Friday, June 29, 2012

Blogging Dell Comics’ Hercules and Hercules Unchained



When bodybuilder turned actor Arnold Schwarzenegger brought Robert E. Howard’s Conan the Barbarian to the big screen in a pair of stylish costume dramas in the early 1980s, it ushered in a Sword and Sorcery craze with scores of imitators on the big and small screen eager to recapture the first film’s runaway success. For many, it was as if history was repeating itself for in the 1950s, bodybuilder turned actor Steve Reeves had starred in a pair of Sand and Sandal epics, Hercules and Hercules Unchained that created a similar sensation. The Italian sword and sandal craze (or peplum, to use their proper title) dominated the European box office in the late 1950s until the advent of the so-called Spaghetti western in 1964. The film that started it all was Pietro Francisi’s The Labors of Hercules (1957) which was dubbed in English by Joseph Levine’s fledgling Embassy Pictures and released as Hercules by Warner Bros. in the US in 1958. Its success led to a Dell Comics adaptation by the legendary John Buscema in 1959.

The plot of this first film was a reworking of the Greek myth of Jason and the Golden Fleece with Heracles (going by his Roman name, Hercules) promoted from a supporting player to the lead role.
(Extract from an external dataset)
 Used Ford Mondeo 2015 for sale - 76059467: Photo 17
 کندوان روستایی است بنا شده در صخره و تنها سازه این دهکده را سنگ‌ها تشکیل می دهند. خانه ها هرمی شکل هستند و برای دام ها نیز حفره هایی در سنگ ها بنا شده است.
Of course within a few years, Charles Schneer and Ray Harryhausen would cover much of the same territory with Jason and the Argonauts (1963) creating a lasting classic which would quickly supplant the movie that started it all. The latter film’s longevity is largely due to Harryhausen’s superb stop motion effects work which continues to influence film-makers after half a century.

Hercules and its sequel suffer from a low budget and poor dubbing, not necessarily a stumbling block for matinee audiences as Toho’s Godzilla franchise quickly proved, but enough to make the Sand and Sandal pictures fade to near obscurity thanks to the rapidly changing expectations of a more sophisticated audience. Happily, Dell’s comic adaptations are unhindered by such shortcomings and give the reader a sense of how these films must have been perceived by a young and impressionable audience upon their initial theatrical release.